=== Task input ===

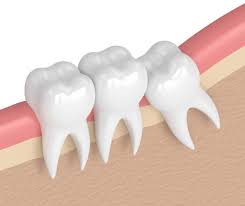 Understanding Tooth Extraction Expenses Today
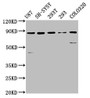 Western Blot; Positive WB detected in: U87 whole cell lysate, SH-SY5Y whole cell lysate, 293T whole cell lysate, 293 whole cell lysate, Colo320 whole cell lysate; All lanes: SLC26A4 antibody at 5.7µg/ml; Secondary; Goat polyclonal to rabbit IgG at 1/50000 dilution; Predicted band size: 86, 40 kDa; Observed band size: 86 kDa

===
=== Task input ===

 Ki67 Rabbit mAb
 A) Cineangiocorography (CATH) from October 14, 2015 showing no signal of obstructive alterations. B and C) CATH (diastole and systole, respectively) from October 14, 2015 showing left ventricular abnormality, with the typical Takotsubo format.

===
=== Task input ===

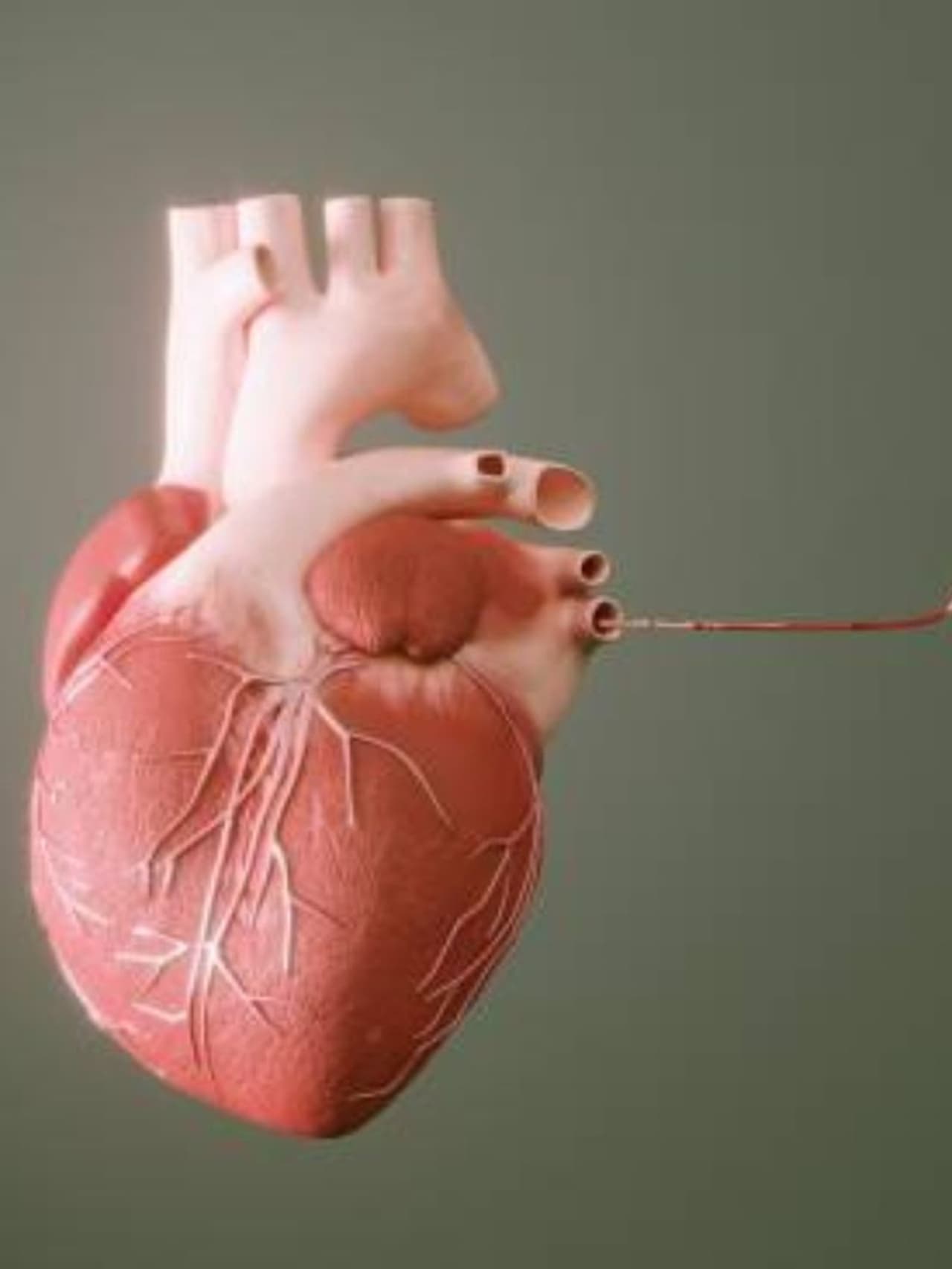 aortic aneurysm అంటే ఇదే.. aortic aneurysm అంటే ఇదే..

===

(Your goal)
Everything from the line above that contains "Understanding Tooth Extraction" down to the line that contains "Western Blot; Positive" must be reproduced exactly, both ends included. Omit the pictures.

(The answer)
 Understanding Tooth Extraction Expenses Today
 Western Blot; Positive WB detected in: U87 whole cell lysate, SH-SY5Y whole cell lysate, 293T whole cell lysate, 293 whole cell lysate, Colo320 whole cell lysate; All lanes: SLC26A4 antibody at 5.7µg/ml; Secondary; Goat polyclonal to rabbit IgG at 1/50000 dilution; Predicted band size: 86, 40 kDa; Observed band size: 86 kDa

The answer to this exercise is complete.